The Ambleside & Dundarave Residents Association directors recently sent a letter to the elected officials for West Vancouver, expressing serious concerns regarding the proposed budget increases for 2021. The letter reads as follows:
Dear Madam Mayor and Council,
2020 has been a challenging year for all Municipalities in Canada, no less so for West Vancouver, and has likely been a difficult year for all of you both personally and in your role as Councillors. Thank you for your service.
This next year many Residents will also be facing challenges from both a health and financial perspective. Vaccines will hopefully bring an end to the health part of this crisis by year end. However, the economic consequences will likely be felt for years to come.
Many in the private sector have been laid off or are working reduced hours and have had their pay frozen or reduced. Many small businesses are struggling or have had to close down at great personal cost to owners and employees alike. Many seniors are on fixed incomes and with record low interest rates have seen their income decline or had to take additional risk to their capital to preserve income.
It is in this context that I write to you with regard to the Budget 2021. I attended the Budget Presentation on January 28 and have had only a short time since to review some of the details along with the ADRA Board Members. I am sure you will all agree that given an inflation rate of less than 1% a 5.2% increase in property taxes proposed by staff seems to be unreasonable. For many years now property taxes and the cost of running West Vancouver (driven mainly by increasing numbers of employees and salary costs) have increased well above the rate of inflation. This when the population of West Vancouver has been flat. Why?

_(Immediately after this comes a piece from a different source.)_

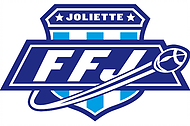 Formulaire de contact Flag Football Joliette logo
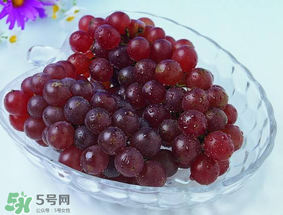 五月份有葡萄嗎？五月份的葡萄可以吃嗎？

The Public sector cannot just continue to download increasing costs through increased taxes onto Residents and Businesses. They need to seriously evaluate how to reduce these costs AND the burden on taxpayers. Unfortunately there seems to be nothing regarding the strategic objectives costed into this Budget to actually help our small businesses in West Vancouver.
Mr. McIsaac, on behalf of ADRA, has forwarded a list of questions to Mr. Bartlett related to the 2020 Budget that are relevant today and yet remain unanswered. Questions of the 2021 Budget were included in the list. In a phone call on Friday January 28 Mr. Bartlett, Chief Administrative Officer (CAO) undertook to provide a speedy response to these questions.
In addition to the concern about the 5.2% proposed property tax increase (and this does not include any increases re Translink, School Taxes and Utilities usage) ADRA has the following concerns:
a) Costs are proposed to increase 6.3% or $6.3 million. $1.4 million of this relates to adding 13 new full time staff. We cannot continue adding staff especially when our population is not growing. Surely we should be freezing recruitment and reallocating staff from under resourced areas to areas where more staff are required. In addition we should be at least freezing salaries for non-union staff and management. We cannot continue to see salary and benefit costs rise
b) Revenues include $4 million of a one-time $5 million Grant from the Province of BC related to COVID Safe Restart. $4 million has also been added to expenses. The BC Government provided guidance to CAO’s as to what is considered as eligible costs under the program and the money can be used in 2020, 2021 or 2022 in respect of:
1. Addressing revenue shortfalls.
2. Facility reopening and operating costs.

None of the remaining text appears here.